The first thing to do is trying reading one of your bitmaps per Nyquist Prompt, hopefully with the s-read command (fastest variant).
Since the header is not known, no header is assumed and we can give a proper offset:

offset in seconds = (/ (float N) sr (/ bits 8) channels)

N is the number of bytes to skip, sr the sample rate, the rest should be clear.

Yes, the image is a .bmp, here is a sample. All the other files share header size, total file size and dimensions with this picture. The white borders are added to give a greater distance between the header and the data I’m interested in.
The A-Law should not be a necessity if U-Law can be used (as you said was supported), it’s just a product of trial and error.

I created an empty track and tried to use Nyquist Prompt (from the Effects dropdown) but I got the error message “Disallowed. You must first select some audio for this to use.” So I couldn’t even try using it to read the bitmap files. Do I need to do anything more than create the track for this to work, or am I out of luck?

Try Generating one sample of tone. Nyquist Prompt requires some content in the track or it won’t open.


Gake

Last question first:
You have just to expand the selection, i.e. either changing the length of the selection or the end point, whatever is visible.
Generating a dummy sound (as Gale has mentioned) would of course work too.
Rreplacing -Law by U-Law does not work because we do not have the appropriate header.
Howeverr, tat’s not as bad as it sounds, on the contrary, we are more flexible.
We can in fact load the whole file into memory as 8-bit little endian 44100 kHz (or even as 1 Hz, which would allow direct byte access, scaling afterwards shouldn’t be a problem).
Loading the whole file would mean that the header(s) are included and we can read individual bytes, such as the data off-set, width and height and so on.
As my media-info tool tells me, we do have a 24 bit RGB image.
In the data block, the pixels are encoded with 3 bytes for BGR. At the end of the row, 0-value bytes are inserted to make the row divisible by 4 bytes.
Your sample file has the dimensions 884814 bytes - (673 x 438 x 3) = 492 - 438 x 1 zero-byte = 54 (offset for the header).
This proves that my initial 54 byte offset seems to work for your case.
I’m going to try reading the bitmap file now.
(The normal s-read doesn’t seem to work in Audacity, so I have to open the file as stream and read each byte sequentially)

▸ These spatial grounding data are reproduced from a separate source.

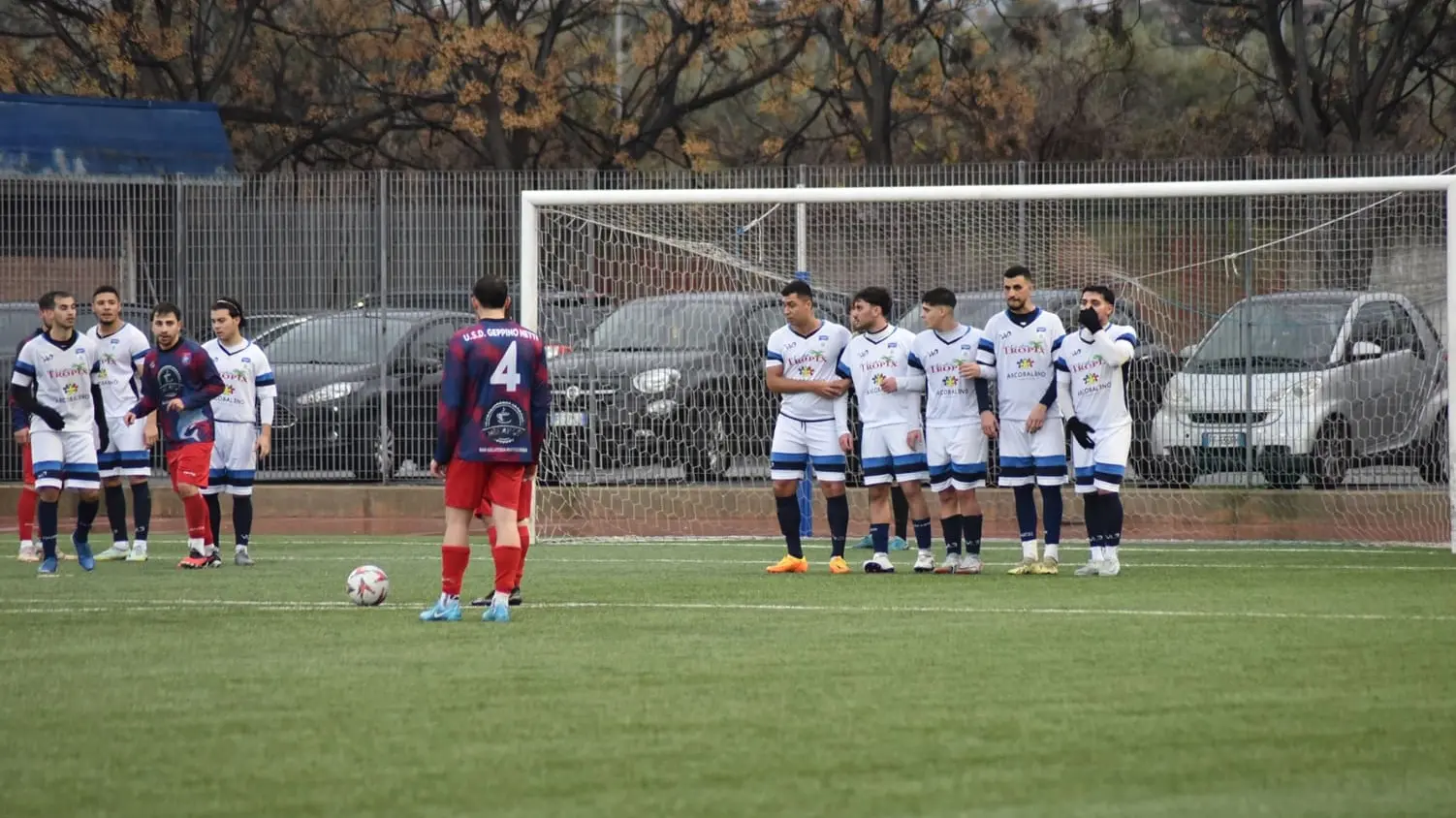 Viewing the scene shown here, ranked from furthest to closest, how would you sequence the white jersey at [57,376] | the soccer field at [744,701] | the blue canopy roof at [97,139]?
the blue canopy roof at [97,139]
the white jersey at [57,376]
the soccer field at [744,701]

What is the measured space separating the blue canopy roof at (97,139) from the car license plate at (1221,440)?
1333cm

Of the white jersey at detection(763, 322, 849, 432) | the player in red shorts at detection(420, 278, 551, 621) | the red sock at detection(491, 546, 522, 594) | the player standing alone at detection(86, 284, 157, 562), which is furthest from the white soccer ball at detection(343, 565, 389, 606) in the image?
the player standing alone at detection(86, 284, 157, 562)

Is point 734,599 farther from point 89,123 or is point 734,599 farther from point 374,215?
point 89,123

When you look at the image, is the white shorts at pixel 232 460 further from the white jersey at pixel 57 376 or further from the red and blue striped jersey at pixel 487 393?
the red and blue striped jersey at pixel 487 393

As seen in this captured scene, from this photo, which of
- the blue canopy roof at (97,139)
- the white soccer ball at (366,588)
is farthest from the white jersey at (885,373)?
the blue canopy roof at (97,139)

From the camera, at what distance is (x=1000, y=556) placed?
54.4 feet

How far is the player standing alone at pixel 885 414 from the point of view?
14.8 meters

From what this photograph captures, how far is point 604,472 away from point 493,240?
322cm

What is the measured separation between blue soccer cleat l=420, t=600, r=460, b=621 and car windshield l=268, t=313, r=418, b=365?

Here’s the code that prints the important data from the header of your bitmap file:

(setf bmp-header '(
      ("nbfType " 0 1) ("" 0 1) 
      ("nbfSize " 1 -4)
      ("nbfReserved " 1 -4)
      ("nbfOffBits " 1 -4)
      ("nbiSize " 1 -4)
      ("nbiWidth " 1 -4)
      ("nbiHeight " 1 -4)
      ("nbiPlanes " 1 -2)
      ("nbitCount " 1 -2)
      ("nCompression " 1 -4)
      ("nbiSizeImage " 1 -4)
      ("nbiXPelsPerMeter " 1 -4)
      ("nbiYPelsPerMeter " 1 -4)
      ("nbiClrUsed " 1 -4)
      ("nbiClrImportant " 1 -4)))
;;
(let ((stream (open-binary  "C:\maxheadroom.bmp"))
      (offset 0))
  (format t "Official NametValuen") 
  (dolist (elem bmp-header (format nil "~a bytes read,n see debug screen for details." offset))
    (format t "~a~a" (first elem)
            (case (second elem)
              (0 (string (read-char stream)))
              (1 (read-int stream (third elem)))
              (2 (read-float  stream (third elem)))))
    (setf offset (+ offset (abs (third elem))))))

Copy the code into the Nyquist prompt.
You have to replace the quoted string after ‘open’ with the complete file name.
Note that two backslashes are needed instead of the usual single one.
Press debug to see the values in the debug screen.
After this code, the actual gathering of the sample values would begin.

We can be very open-minded in that regard.
With RGB-24, one byte will represent one colour channel for a pixel.
All the A-Law quantization does is interpreting a byte as 13 bit. This means that brightness and contrast are interpreted differently to the original image.
It is similar to switching from dB-display to linear and back (right mouse button menu).
Our mapping should effectively be 8 bit → 32 bit (float) before the audio goes to the next effect (Reverb or Wah-Wah for instance).